Jun 17 – 19, 2019
UTC timezone

Aim and Topics


The workshop aims at gathering both the scientific and the technology communities for two main purposes: on the one hand, to rediscover and develop the amount/asset of astrophysics data from facilities managed or contributed by INAF and, on the other hand, to better focus on concepts and challenges related to new generation data archives.

The astronomical archives of INAF and their contents, accessibility, maintenance and preservation of data, future prospects of development, as well as the interactions with historical partners of INAF (such as ASI, SSCD and other) are some of the topics that will be addressed in the first part of the workshop. Particular attention will be paid to any proposals aiming at optimizing the availability and accessibility of data archives already present within INAF.

Ample space will be given to the ongoing shift in prospect to keep up with the scientific projects’ needs of the Big Data era, and with those of the most modern observing and computational facilities.

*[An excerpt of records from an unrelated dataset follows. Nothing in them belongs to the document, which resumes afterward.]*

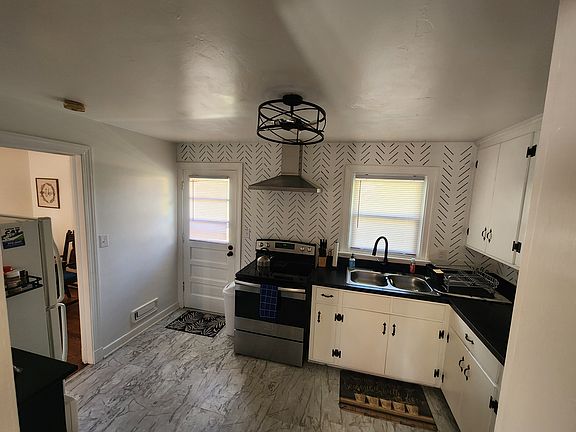Fully Furnished kitchen with stove, refrigerator, microwave, and more.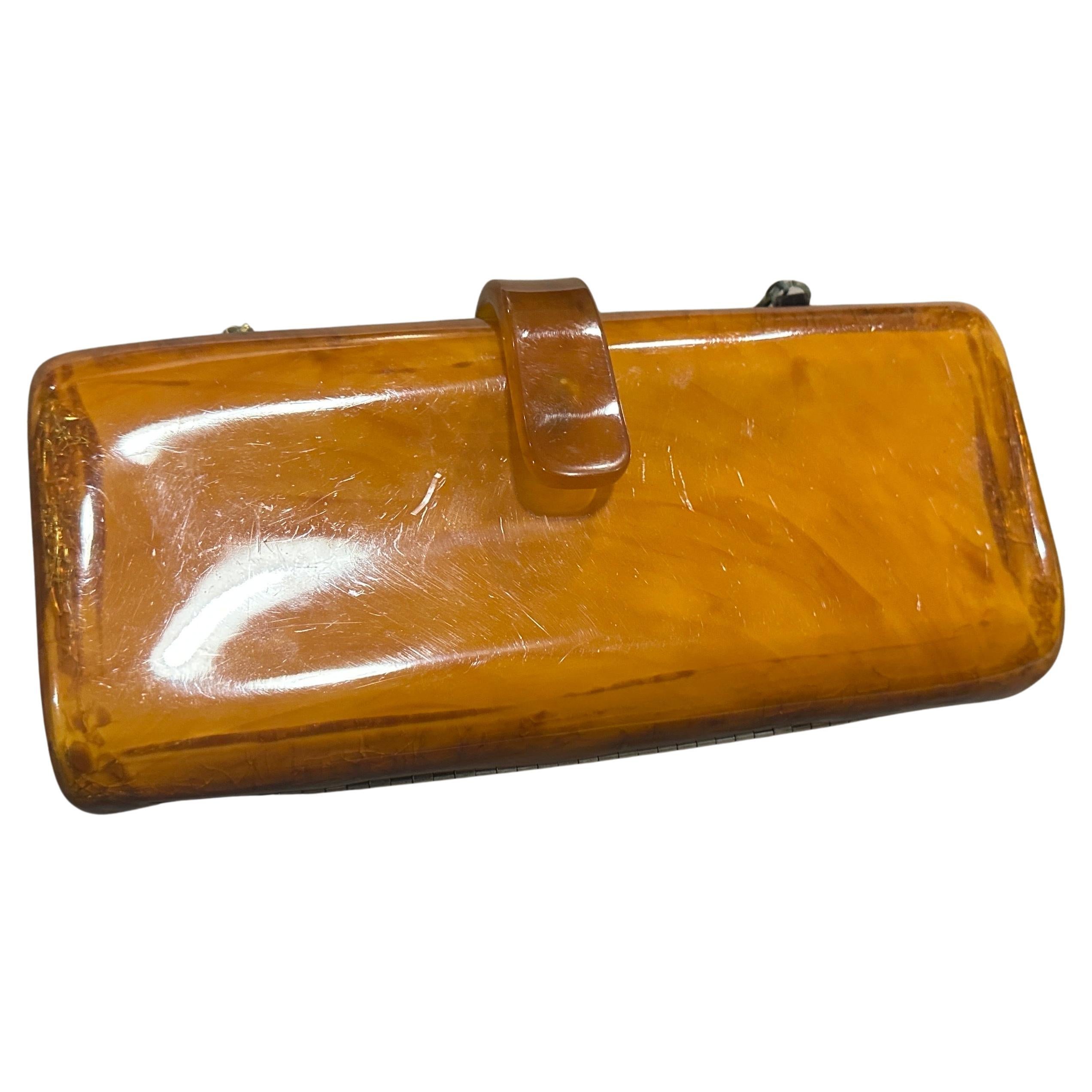 This 1930s Art Deco evening shoulder bag is crafted from rich amber-hued Bakelite, a highly collectible early plastic known for its smooth, glossy finish and distinctive marbling. The bag features a sleek, rectangular hard case design with softly
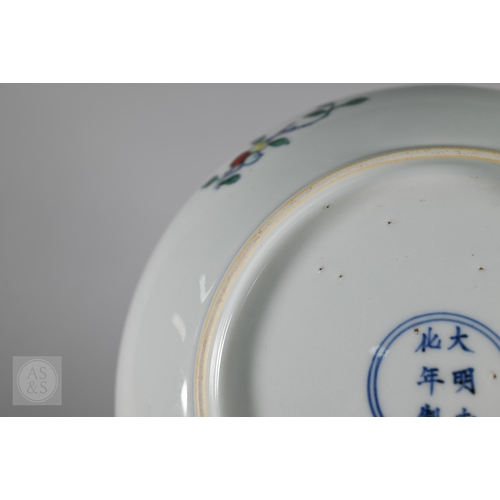 311 - A Chinese Doucai pomegranate dish, the stylised central tree surrounded by grape, peach and pomegran... 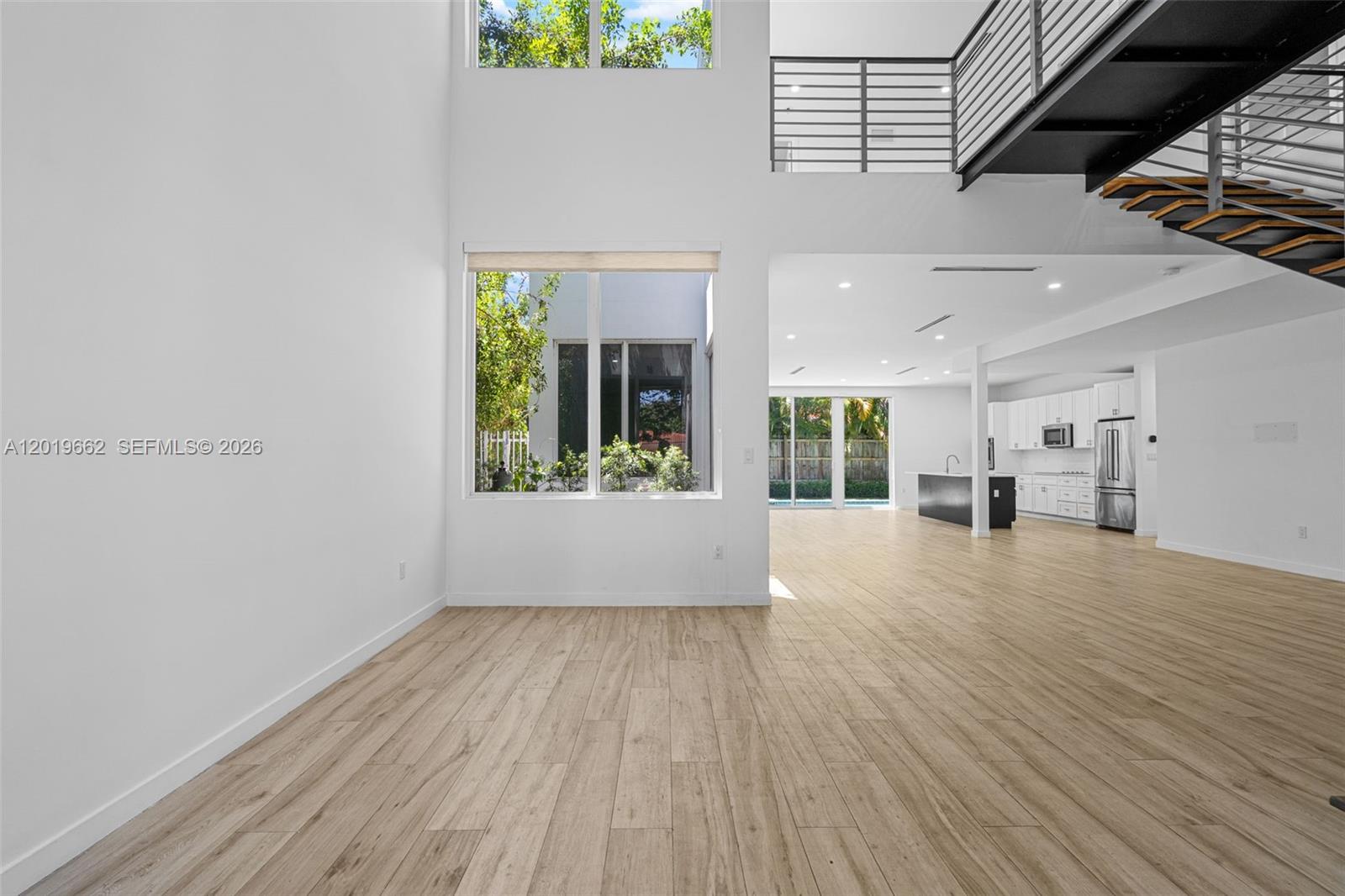 A bright, open-concept living area features light wood-look flooring, a staircase, and a modern kitchen — 1816 SW 23rd St, Miami FL 33145, MIAMI, FL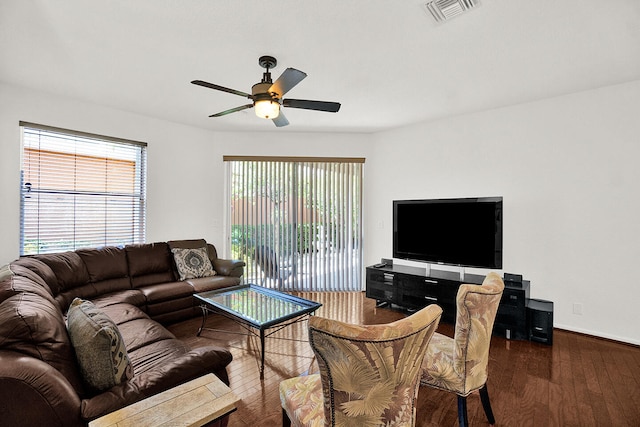 living room with ceiling fan, wood finished floors, and baseboards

Experiences, tools and applications traditionally belonging to international archives such as those at ESO, CADC, CDS etc. will be presented by world-known experts of information technologies for astrophysics. In such archives astronomers no longer experience the traditional approach to scientific data. Instead, they benefit from a new archiving facility concept where the scientific contents of data are comprehensively explored through the definition of user space and computation resources, the availability of applications for data exploration and analysis as well as collaborative tools for resource sharing, up to the definition of DOI codes associated to the scientific datum.

Ample ground for discussion will be granted through dedicated sessions to the definition of the astrophysical community needs in terms of availability, simplicity and opportunities of use of INAF data archives within the international astrophysical community, as well as in terms of computation and storage support, and of the exploration and optimal extraction of the scientific content of data.